Tuesday, August 12, 2008

A Week Off Off

Catherine and I saw three shows during the past week; nothing much unusual there. Catherine actually saw a fourth—a friend of ours got her a ticket for Hair at the Delacourt on Wednesday (I stayed home to do some work on my own play, Floydada, because I don't know Hair or have any special fondness for it as Catherine does). I spent a lot of time this afternoon trying to come up with a single title for this post that could encapsulate them all... and, obviously, I failed miserably. Regardless, I thought I'd share my thoughts on them with you all.

The first was Robert Lyons' Red Haired Thomas in Soho Think Tank's Ice Factory festival at the Ohio. It's a quirky little play about a gambler—a nice, family man—and how his personal and professional problems propel him into a delusional reality. There's a lot to like in the piece: interesting characters and relationships (I especially enjoyed the scenes between the gambler and his pre-teenage daughter as he tries to offer her life lessons), an intriguing use of language (both natural dialogue and more poetic abstractions) and it offers an unusual perspective on our expectations of the American Dream. There were several times when it difficult to hear the actors—always a possibility in the Ohio (a great space but a big ol' barn!)—and there a few other production elements that could have been tighter.

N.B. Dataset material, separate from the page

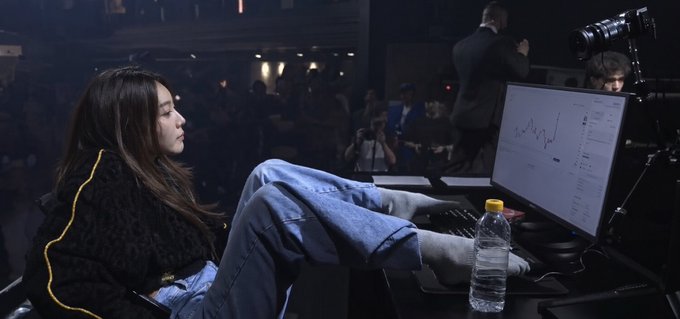 A young woman in a black jacket and jeans sits with her feet propped up in front of a computer monitor displaying financial charts, with photographers and a crowd visible behind her.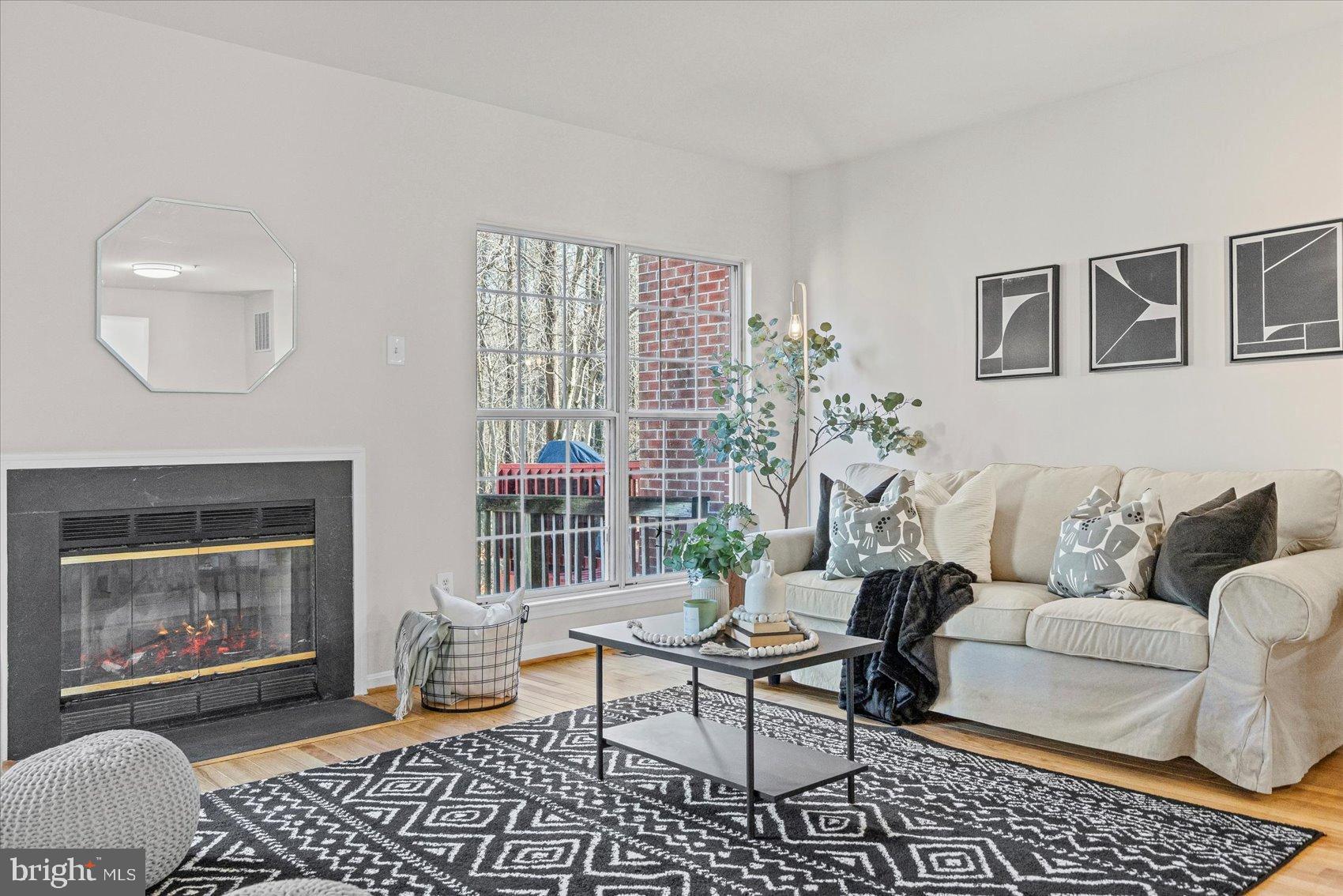 9317 Dortmund Court Laurel, MD 20708 - Photo 5 of 50 a living room with furniture and a fireplace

But it's never predictable and a thoroughly entertaining play; I'm anxious to see what Robert will do with it next.... rumor has it, you may be seeing something next spring...

On Friday, we went to McCarren Park Pool in Brooklyn for Caridad Svitch's 12 Ophelias, which riffs on Hamlet by setting it in a Louisiana bayou (or that's what I imagined: apparently it was supposed to be Appalachia, according to the company's website) and focusing on the character of Ophelia (hence the title... however, the 12 part wasn't at all clear to me). I know Hamlet extremely well (I directed it in college and have seen several productions over the years—the 1988 Bergman production in Swedish is, to this day, the best piece of theater I've ever seen) but it's not really necessary for this play. Caridad has a gift for stylized, poetic language that still seems oddly appropriate for the characters she's created. Unfortunately, 12 Ophelias doesn't have a very strong story arc (the characters and relationships are based on Hamlet but the plot isn't), it's a little repetitive and the characters here tend to talk about their goals more than they pursue them. On top of this, the production by Woodshed Collective actually highlights these weaknesses—director Teddy Bergman has used the space visually very well (it's staged in the round in the middle of the empty Olympics-size pool) but he's done little to help the actors: there's a lot of sameness throughout in their vocal intonations and rhythms, like Philip Glass with all of the notes that create tension in the music removed. It's something I see pretty frequently in abstract performances: there's very little drama in the piece, no sense of immediacy at all and I get bored about halfway through. There's an interesting play here but unfortunately this production hasn't found it.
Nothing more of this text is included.